Editor’s Note: This article first appeared in the July-August 2015 issue of Business Energy.
Energy efficiency is an integral part of sustainable energy strategies. Implementing a comprehensive energy efficiency reference project that pays for itself through the resulting energy savings can be a complex undertaking.
The idea of an energy savings business goes back to the energy crisis of the late ’70s. Combating energy costs suddenly was important to businesses and consumers. An early example was the Texas firm, Time Energy, which introduced a device to automate the switching of lights and other instrumentation to modulate energy use.
The reason the product did not initially sell was because potential users doubted that the savings would really happen. To fight this uncertainty, the company came up with installing the device upfront and asking for a percentage of the savings accumulating. The result was the basis for the ESCO (energy service company) model. Through this process, the company achieved higher sales, and more return since the savings were large.
Industry Catches On During ’70s, ’80s, and Beyond
As more entrepreneurs watched this market grow, more companies popped up. Early ESCOs often consisted of small divisions of large energy companies or small, startup, independent companies. But as the energy crisis became an unpleasant memory and the cost of energy went down again, companies in turn had less leverage on potential clients to execute energy-saving projects.
The industry grew slowly through the ’70s and ’80s, urged by specialist firms such as Hospital Efficiency Corporation (HEC Inc.), established in 1982 to focus on the energy intensive medical sector. HEC Inc., later renamed Select Energy Services, was acquired in 1990 by Northeast Utilities, and sold in 2006 to Ameresco.
With the rise of the cost of energy in the ’90s and the accessibility of efficiency technologies in lighting, HVAC, and building energy management, ESCO projects experienced a rebirth. The term ESCO has also become more widely known among potential clients looking to upgrade their building systems that are either outdated and need to be replaced, or for campus and district energy plant renovations.
Deregulation in the US energy markets in turn let energy services businesses experience a rapid rise. Utilities, which for decades enjoyed the shelter of monopolies with guaranteed returns on power plant investments, now had to compete to supply power to many of their largest customers. They began to look to energy services as a potential new business line to retain their existing large customers. Also, with the new opportunities on the supply side, many ESCOs started to expand into the generation market, building district power plants or including cogeneration facilities within efficiency projects. ESCOs in this country grew by 22% in 2006, reaching approximately $3.6 billion.
How Are Most Buildings Functioning?
Most buildings and facilities exhibit obstacles and limitations with respect to energy conservation and optimum maintenance. US Federal studies show that major and minor building systems routinely fail to meet performance expectations, and these faults often go unnoticed over time. The functions of a building, the number of tenants, and the configuration of the space change over time in unanticipated manners that adversely affect the systems that control building performance.
Surprisingly, almost all buildings, building complexes, and systems within buildings still operate in a disconnected, standalone manner. Proprietary systems result in buildings that needlessly waste energy. Recent studies have found that roughly 30% of LEED-certified buildings perform substantially better than anticipated, while 25% perform substantially worse than anticipated.
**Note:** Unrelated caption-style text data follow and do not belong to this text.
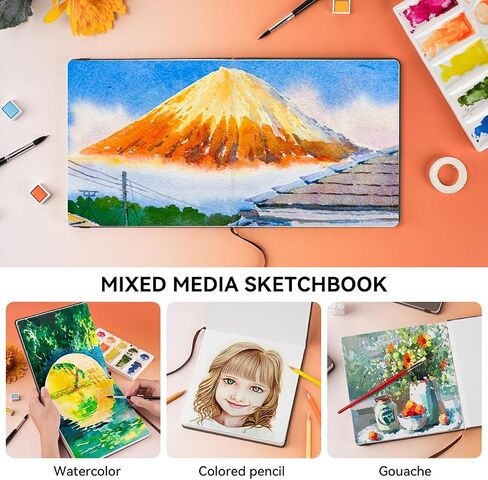 مجلة ألوان مائية مربعة Lightwish ، 100 ٪ Cotton Cold Press Praintbook Paperbook 7.48 "× 7.48" ، 20 ورقة (140 رطل/300 جرام) ، خالية من الأحماض للألوان المائية ، الغواش ، الأكريليكات in Saudi Arabia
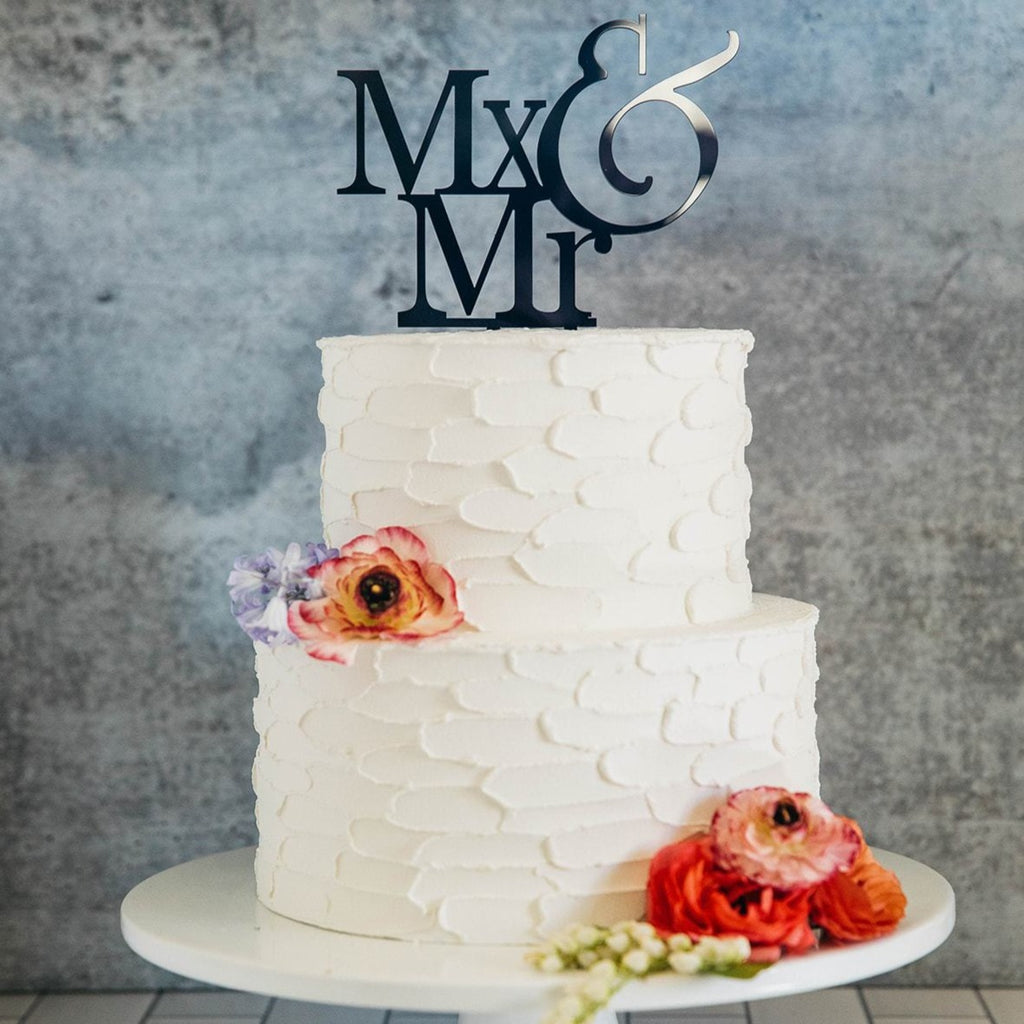 Non-Binary Mx&Mr Black Wedding Cake Topper 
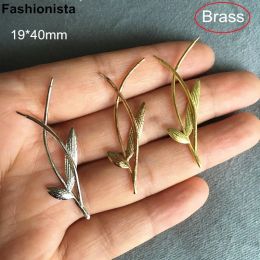 charms 10 pcs Brass Casting Crafted Flower Branch Charms 19*40mm Gold / Silvercolor / Steel / Raw Brass,2 Leaf Branch Charms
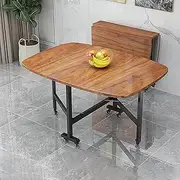 Folding Dining Drop Leaf Table with Universal Wheel Wooden Extendable Dining Table Multifunction Space Saver for Restaurant Living Room Patio Deck C 100 * 60cm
In general, LEED certified buildings perform 25–30% better than non-LEED certified buildings with regards to energy use. It is ultimately difficult or impossible for customers to construct a single integrated picture that correlates energy usage and maintenance costs to control system performance, space usage, conservation measures, and the behavior of those using the facility space.
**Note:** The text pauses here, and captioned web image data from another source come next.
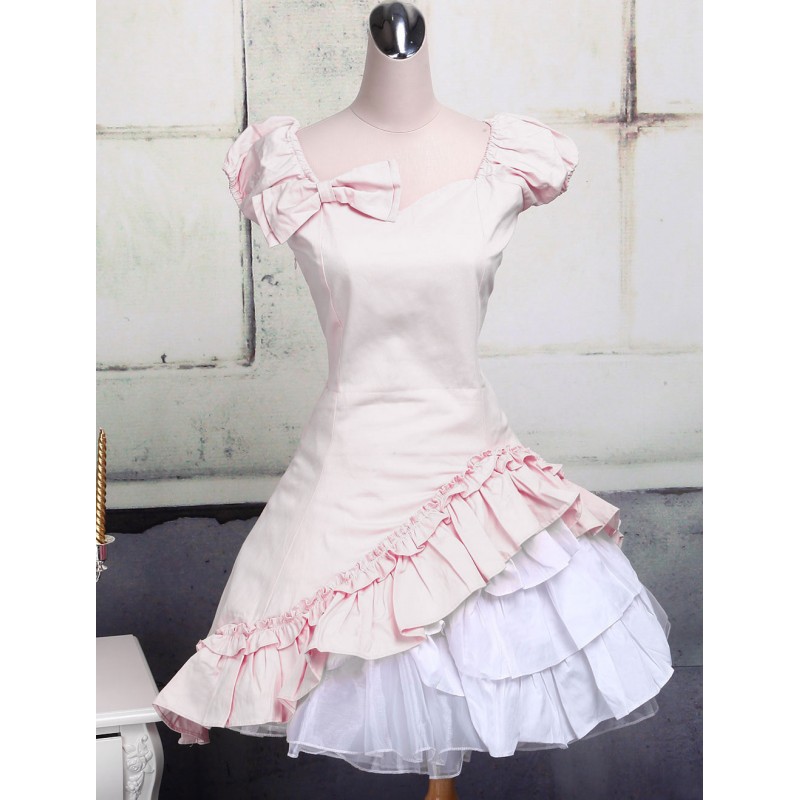 Classic Cotton Short Sleeves Ruffle Lolita Dress Classic  Traditional Summer Tea Party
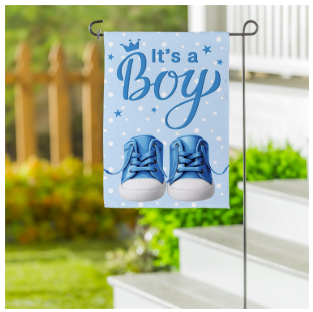 It's a Boy Blue Suede Garden Flag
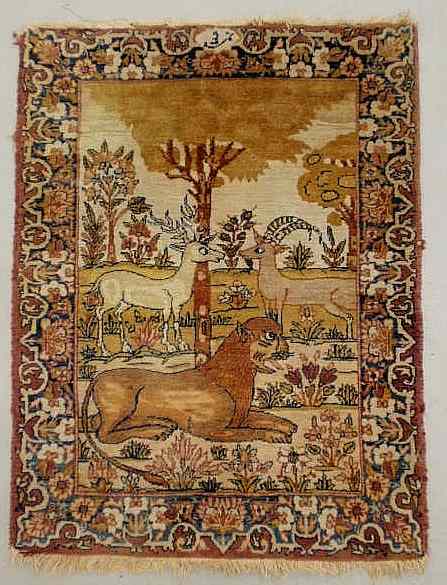 Appraisal: Kerman oriental mat with animal motif ' x '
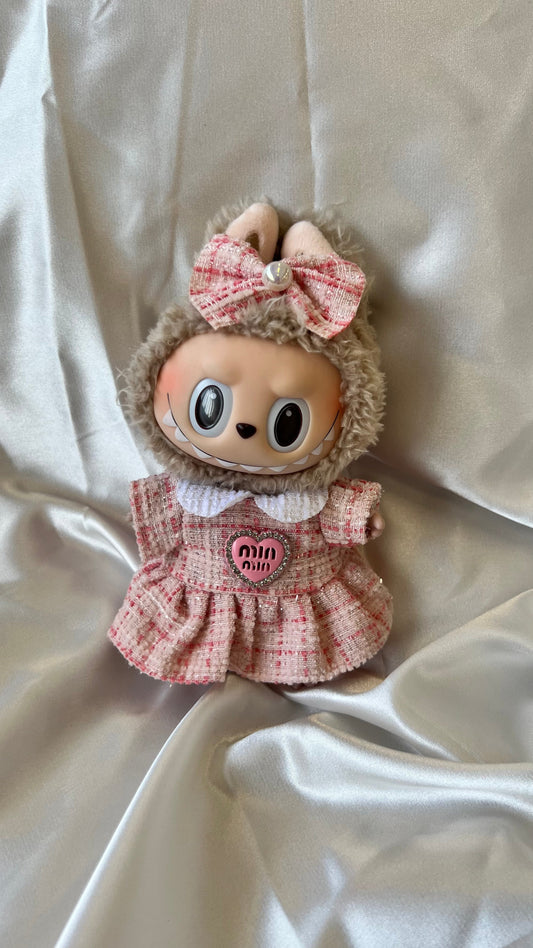 Labubu Sweet Tweed Dress Set - Pink with Matching Hair Bow - ToyUnity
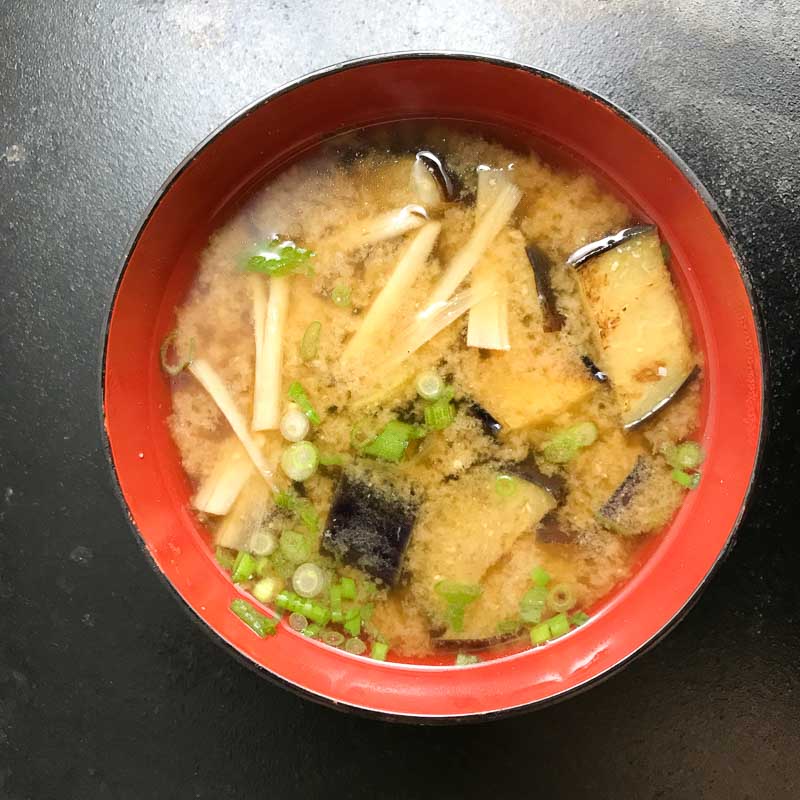Miso Soup with Eggplant and Gobo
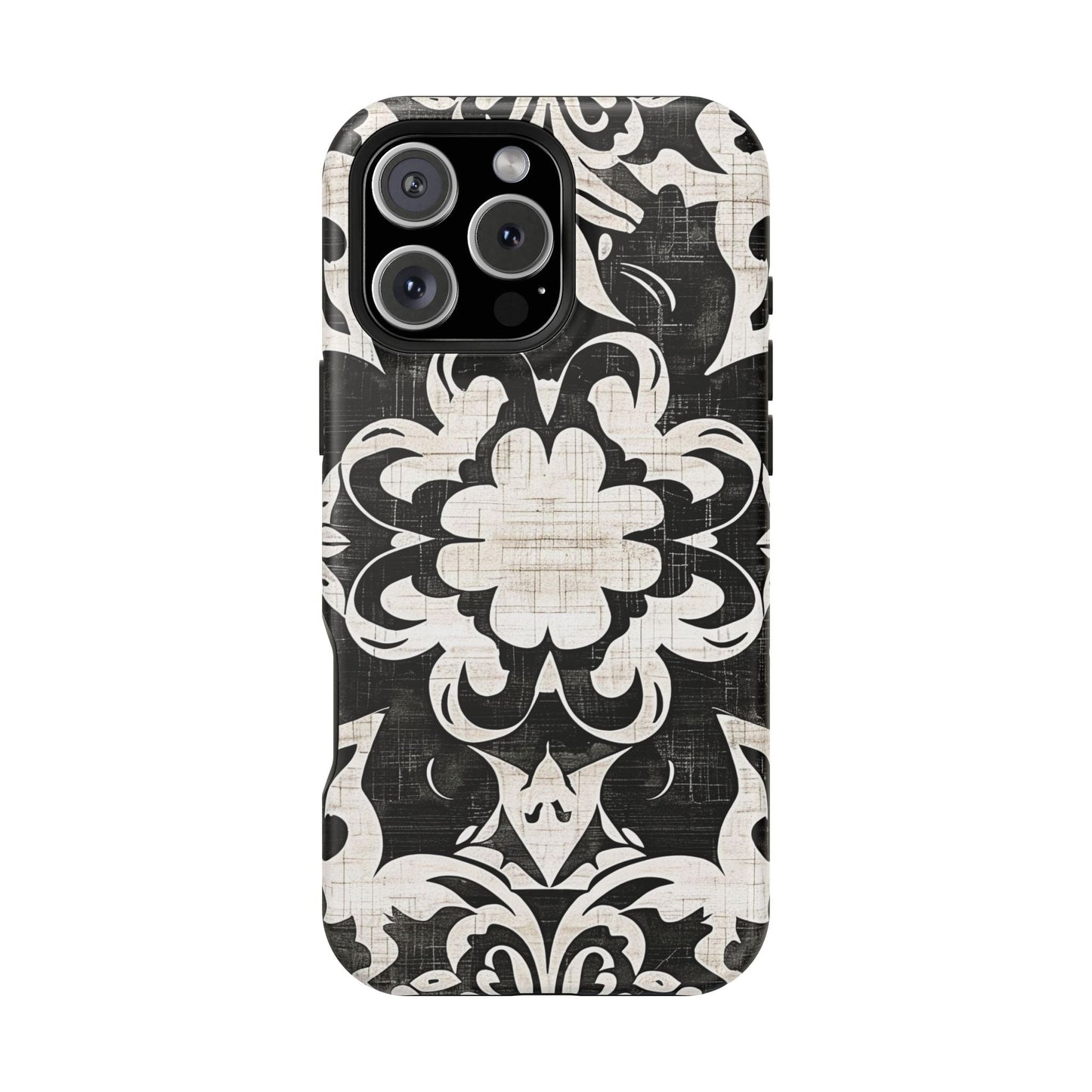 Damask Black & White Magnetic Impact Phone Case - DIGITAL X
A more recent development is the concept of combining the benefits of performance contracting with the benefits of green buildings, affectionately described as green performance contracting. The reason the concept makes sense is because for green buildings, the costliest prerequisites to meet are usually the energy efficiency requirements. The LEED rating system requires buildings to be benchmarked using the EPA EnergyStar system.
The minimum score to meet the LEED prerequisites is a score of 75 or greater (meaning the building is in the top 75 percentile of benchmarked buildings). Since performance contracting attempts to find all the sources of energy waste, then a building that has gone through the performance contracting process should meet the LEED prerequisite. Green performance contracting can be used to achieve sustainability goals in new building design and construction as well as in existing buildings.
In new buildings higher-efficiency choices are compared to the modeled performance of the as-designed less-efficient building. Applying performance contracting to buildings being designed and built is the perfect cure for pressure to “value engineer” the efficiency and sustainability out of new buildings as they are designed. In new buildings, performance contracting bridges the gap between the first-cost and life-cycle cost perspectives by using long-term energy savings to pay for the incremental first-cost of high-efficiency measures.
Green performance contracting in existing buildings provides a mechanism for implementing and financing the building’s efficiency and sustainability upgrades, including improved operations. Achieving sustainable building performance in existing buildings can be done at reasonable costs. If needed, system or building upgrades can be spread out over time and implemented when capital dollars become available. Green performance contracting provides comprehensive integrated solutions to a wide variety of building, site, and infrastructure improvements.